◆ **Image-caption web data**:
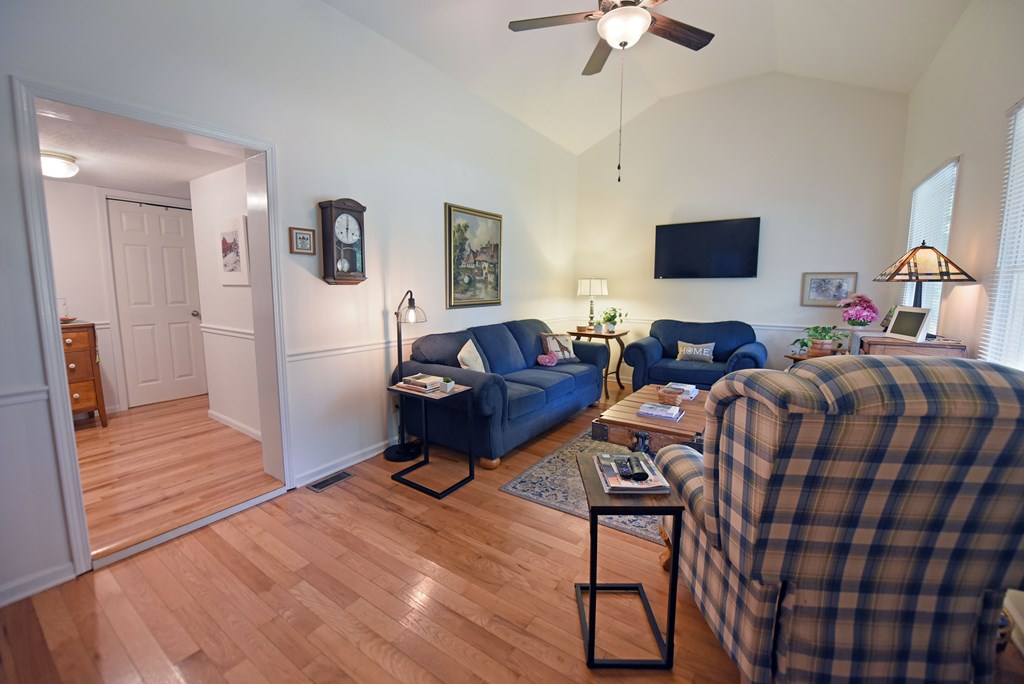 416502 Young Harris Residential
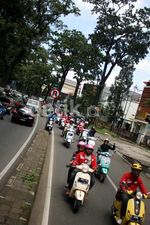 Rayakan HUT, Pecinta Vespa Keliling Bandung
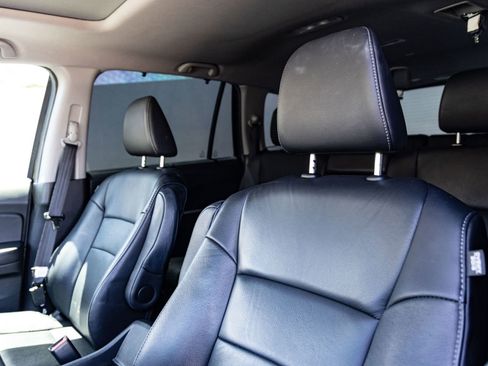 Used 2021 Honda Pilot Special Edition image 10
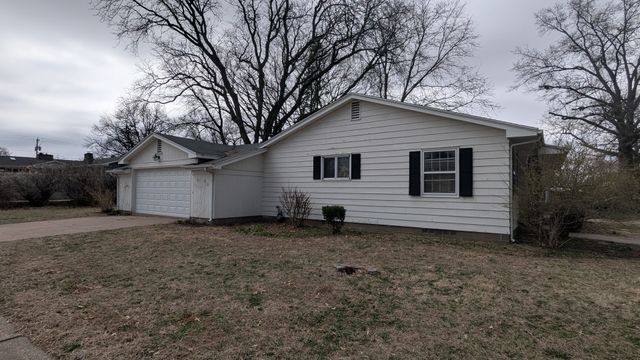 1 Parkwood Drive, Davenport, IA 52803
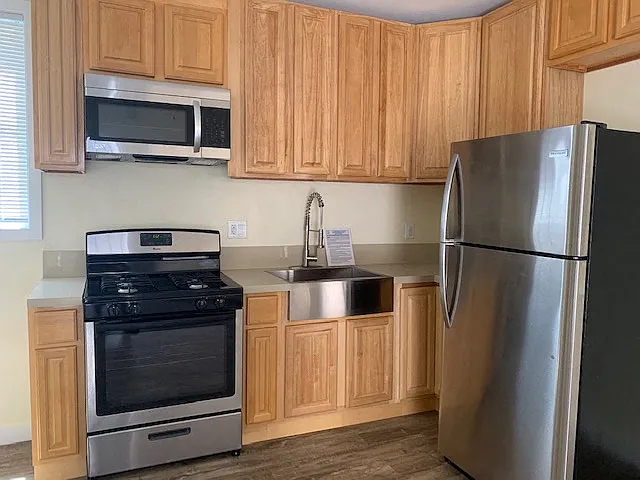 4355 Avalon Blvd — Photo 2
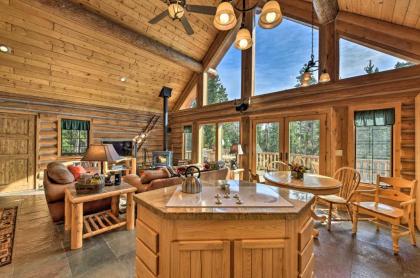 Rustic and Roomy Fairplay Cabin with Hot Tub! - image 10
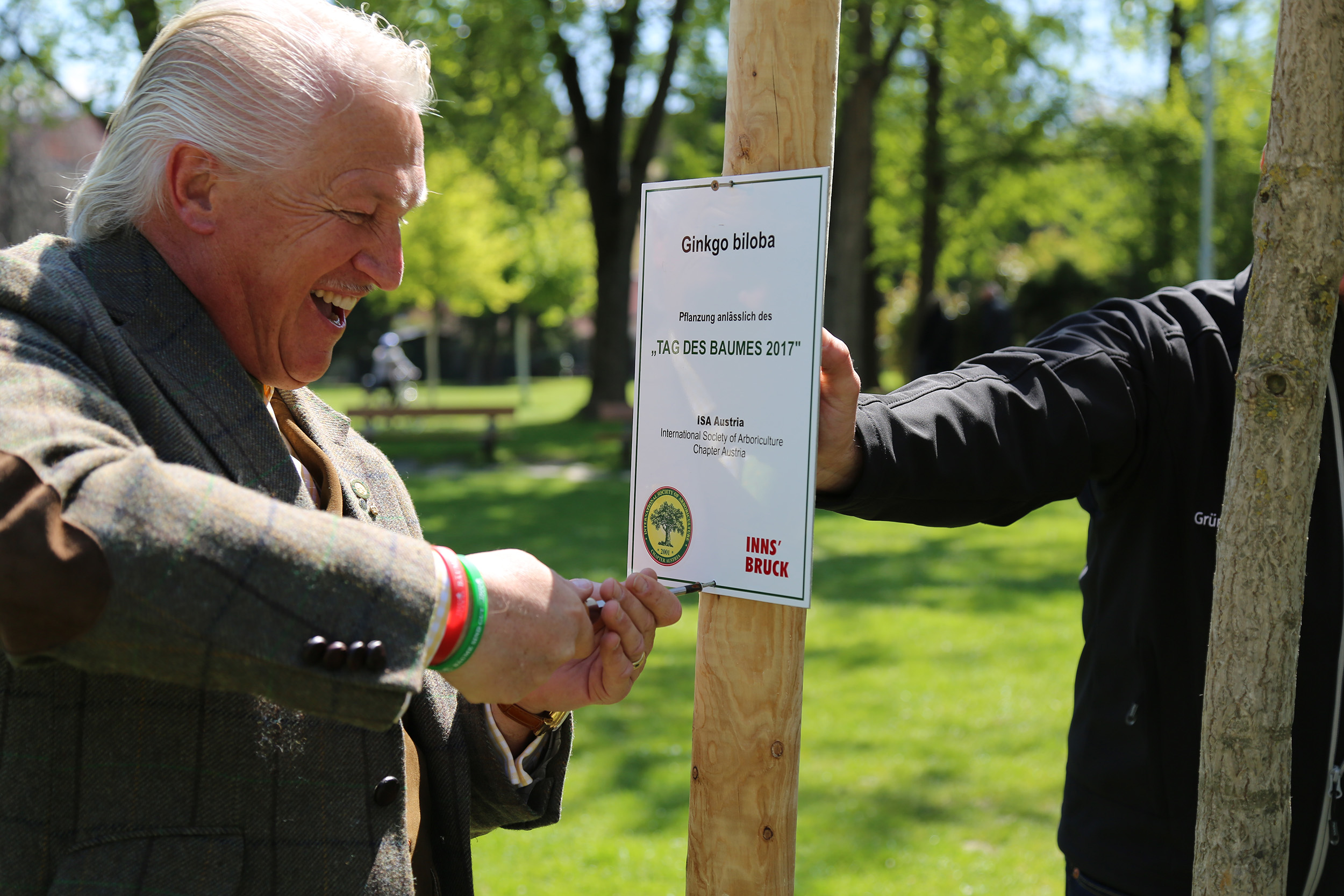 ISA-Präsident Joseph Klaffenböck beim Anbringen der Gedenktafel zum "Tag des Baumes 2017"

◆ **Description of the task**: Write the data out again exactly, but without its images.

◆ **Solution for this task**:
 416502 Young Harris Residential
 Rayakan HUT, Pecinta Vespa Keliling Bandung
 Used 2021 Honda Pilot Special Edition image 10
 1 Parkwood Drive, Davenport, IA 52803
 4355 Avalon Blvd — Photo 2
 Rustic and Roomy Fairplay Cabin with Hot Tub! - image 10
 ISA-Präsident Joseph Klaffenböck beim Anbringen der Gedenktafel zum "Tag des Baumes 2017"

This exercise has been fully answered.